Neville Chamberlain 1921 –

Mercredi 8 août

Lutte d’artillerie assez violente en Belgique, particulièrement dans le secteur de Bixchoote, et au nord de l’Aisne sur le front Hurtebise-Craonne. Aucune action d’infanterie.
En Champagne, nous avons effectué dans les lignes allemandes trois incursions qui nous ont permis d’infliger des pertes à l’ennemi et de ramener des prisonniers.
Sur la rive gauche de la Meuse, l’ennemi a prononcé une attaque sur nos positions entre le bois d’Avocourt et la cote 304. Nos tirs les ont forcés à rentrer dans leurs tranchées de départ.
Sur la rive droite de la Meuse, l’ennemi a prononcé une attaque sur nos positions du bois des Caurières. Une fraction qui avait réussi à prendre pied dans un élément de notre première ligne en a été rejetée par une contre-attaque.
Sur le front belge, canonnade, lutte de grenades vers Dixmude.
Rien d’important à signaler sur le front britannique.
En Macédoine, notre artillerie exécute des tirs de destruction dans la boucle de la Cerna.
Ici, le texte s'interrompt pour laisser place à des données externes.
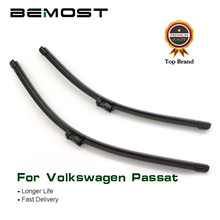 BEMOST Car Wiper Blades Rubber For Volkswagen Passat B5 B6 B7 Fit Hook/Push Button/Side Pin Arms Model Year From 1999 To 2015 2024 - buy cheap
Les Russes ont à nouveau rétrogradé à la frontière de la Bukovine et en Moldavie, au nord de Focsany. L’évacuation de Kamenetz a été prescrite.
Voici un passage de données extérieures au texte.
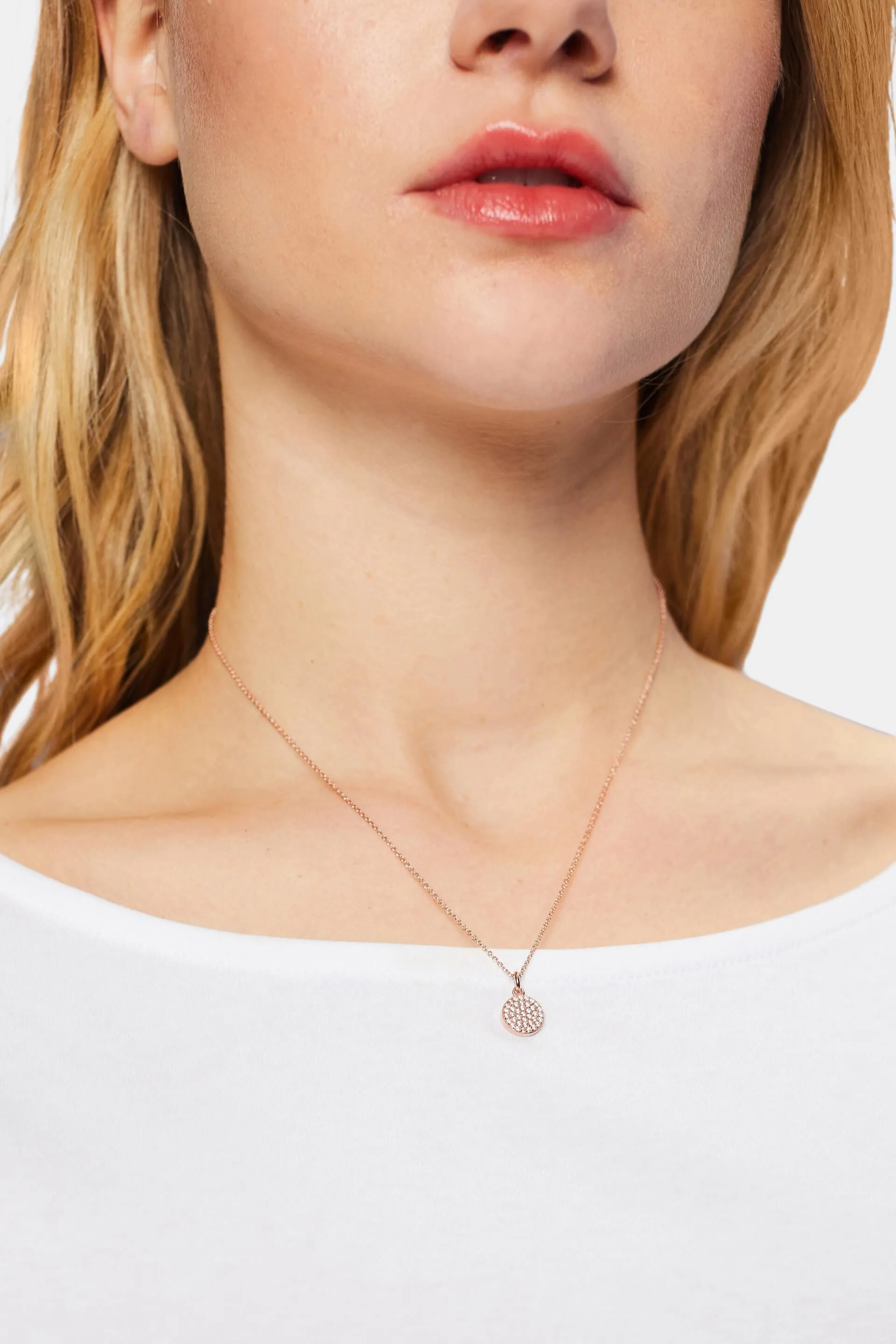 Sterling Silver Zircon Pendant Necklace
Kérensky a formé son cabinet avec des socialistes, des progressistes et des cadets. Dans son discours inaugural au ministère, il a montré que la défense nationale devait être la première préoccupation du nouveau gouvernement.
Un sous-marin allemand ayant canonné un chalutier espagnol, la presse de Madrid montre à nouveau une vive irritattion, et M. Dato a envoyé une protestation circonstanciée à Berlin.
Au cours d’une déclaration au sénateur Lewis, le président Wilson a dit que tous pourparlers au sujet de la paix seraient actuellement oiseux et qu’il serait le premier à adopter des initiatives dans ce but, quant l’heure lui semblerait venue.